Seduction of the Innocent (2013), by Max Allan Collins, is Hard Case Crime #110. I figured I could say a few words now and then revisit it in two years when the re-read gets there. Seduction is a great little parody - there's a guess there about authorial intent, but I don't think Mr. Collins intends for this to be read 'straight'. Jack Starr is the "fixer" (and co-owner) of a newspaper comic strip empire. The majority owner is his foxy widowed stepmother, Maggie Starr. Jack is the Archie to her Nero Wolfe, roving around 1954 New York City in search of clues while she pieces together the big picture.
Seduction is a murder mystery based that's inspired heavily by Dr. Frederick Wertham and his crusade against comic books. Most of the characters, including the victim ("Dr. Werner Frederick") are drawn (no pun intended) from life. The story is over the top, but fun, Mr. Collins loves his comics (as noted previously) and the whole book is permeated with a sense of, well, joy. Murderous, sexpot, hard-drinking, gun-totin' scandalous joy.

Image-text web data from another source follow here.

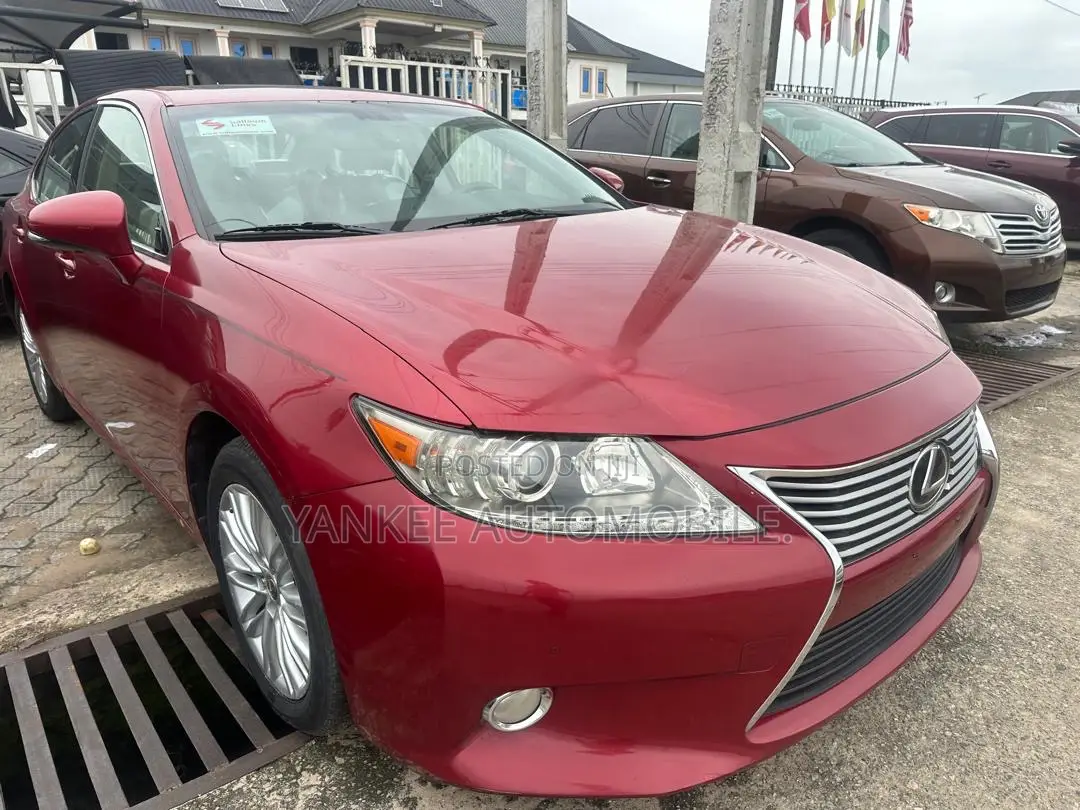 Lexus ES 2016 Red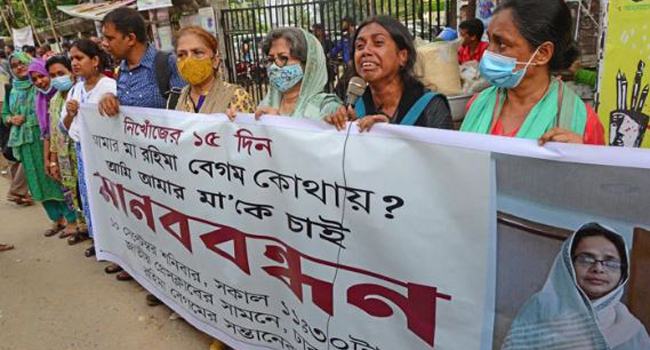 যেকোনো মূল্যে মাকে খুঁজে পেতে চাই...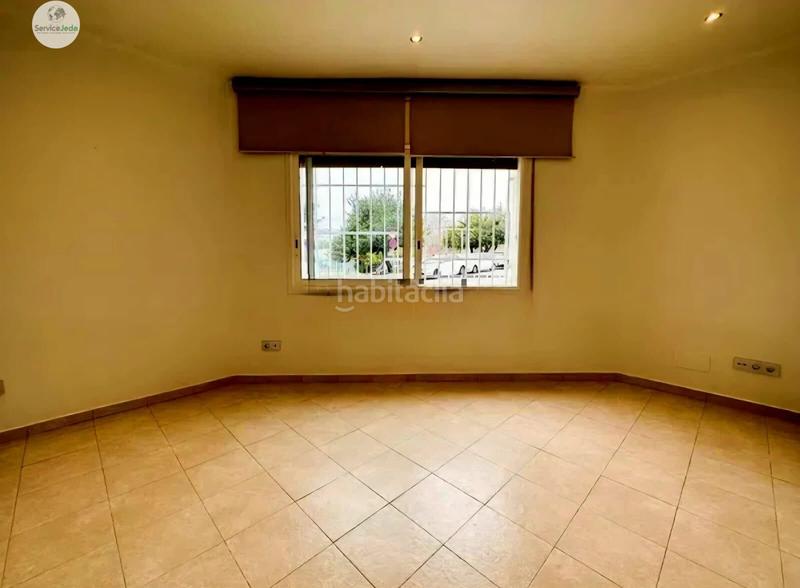 Foto cd8e4832-bedd-415e-b831-43315e38b125. Planta baixa a Ametllers - Poble Sec Sitges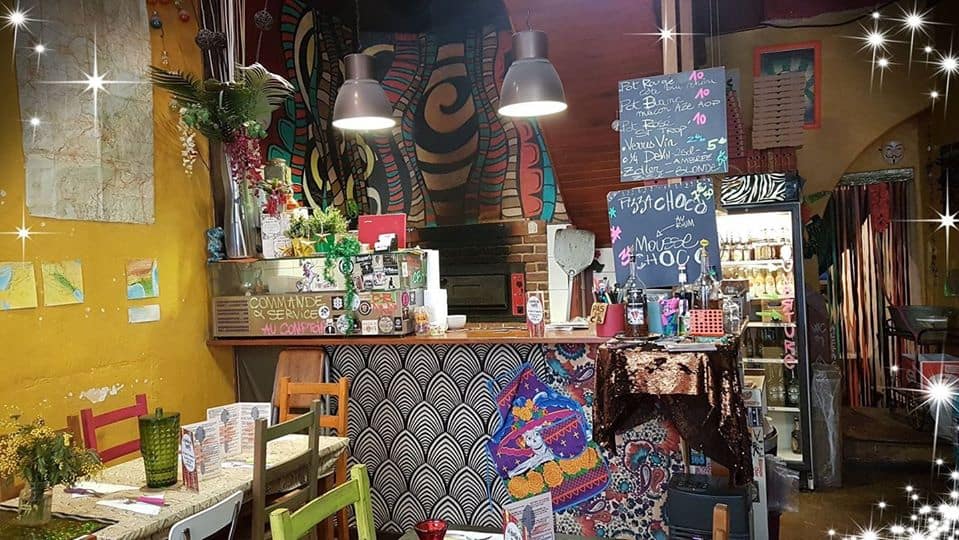 Le jardin des pentes pizzeria vegan friendly Lyon déco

A marginally big deal has been made about EC artist Terry Beatty's illustrations, but Glen Orbik's cover really steals the show.
Of Ants and Dinosaurs (2012) by Liu Cixin is a bonkers parable about, well, ants and dinosaurs. It begins with a single moment of cooperation when ants help clean the teeth of a tyrannosaurus. Cut to: 50,000 years later - ants and dinosaurs have evolved into globe-spanning empires. Dinosaurs are imaginative, emotional and very, very large. Ants are efficient, intelligent, hard-working and very, very small. Under the dinosaurs' direction and the ants' creation, huge technological advances have been made.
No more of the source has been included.